To begin with, my experience and knowledge in electronics are very limited. I am familiar with Ohm's law, but only in theory.
I'm developing a small device for which I need a nichrome wire to glow for a minimum of 5 seconds. It shall be powered by a battery, as small as possible. The whole device is disposable so it doesn't matter if the battery goes flat after 5 seconds. The nichrome wire needs to be at least 0.2 mm diameter and 3-5 cm long (but the longer/thicker the better).
I have read every forum covering this topic and have figured out that I need a battery that can supply enough current.

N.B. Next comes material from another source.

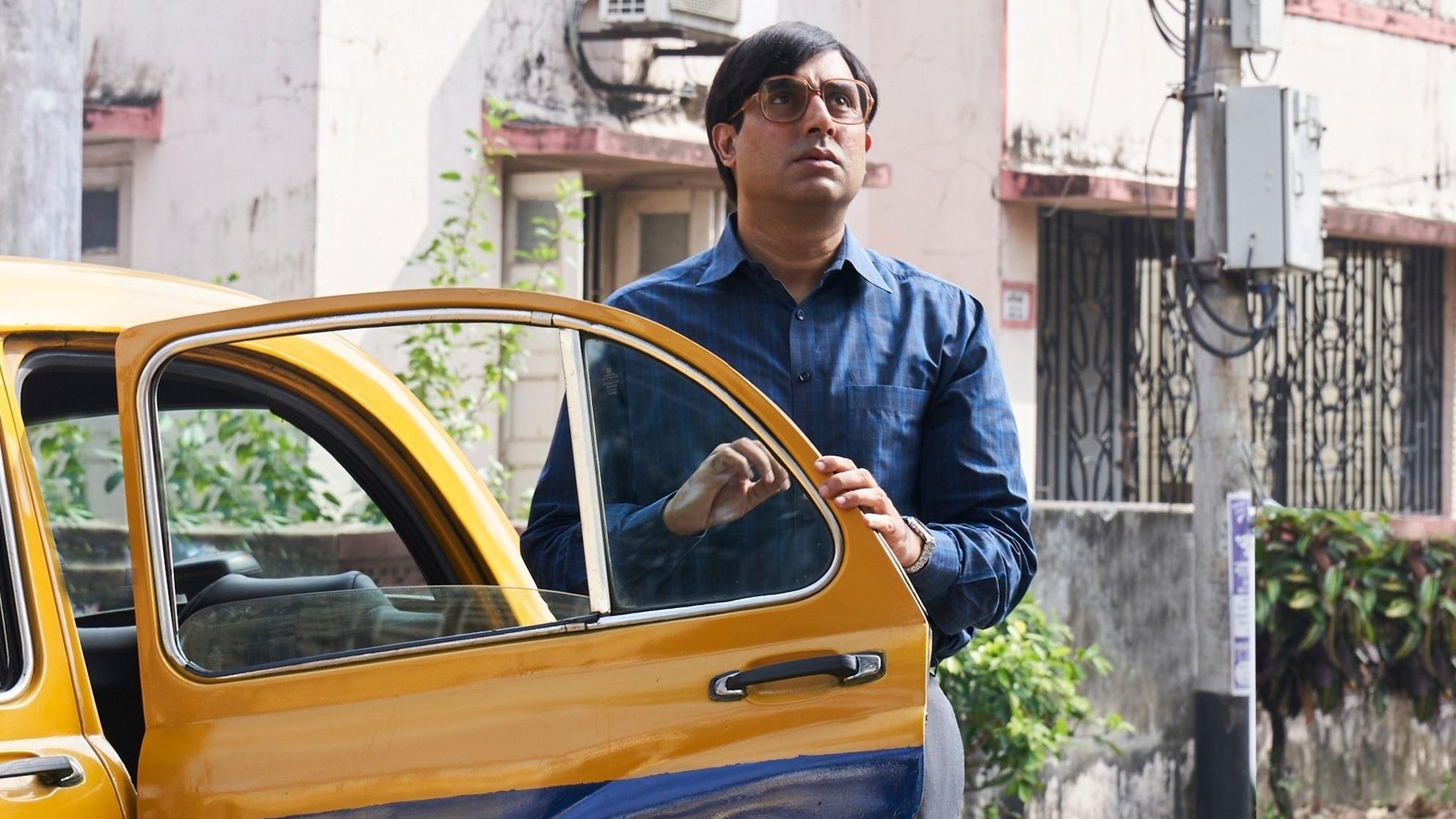 Bob Biswas Background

I was therefore thinking of the high capacity coin cell battery CR2477 (1000mAh, 3V).
I have found this great website that lets you calculate power requirements for a given wire: http://www.jacobs-online.biz/nichrome/NichromeCalc.html
When I insert my values (5 cm wire, 32 gage, 2V) I get a required current of 1.15 amps. I inserted 2V because of internal resistance of the battery, don't know if that was correct.
Will the CR2477 battery be able to deliver this current for 5 seconds? Or will it explode or burn? In the data sheet of the battery I read a max pulse current of 25mA. But I was thinking that if a standard 9V battery could do the job, this one will also, because it's got a higher capacity (though lower voltage).
I'd like to have an idea of the risks before I start experimenting at home.
Can anybody give a hint if this will work or if it's useless/dangerous? Thanks in advance!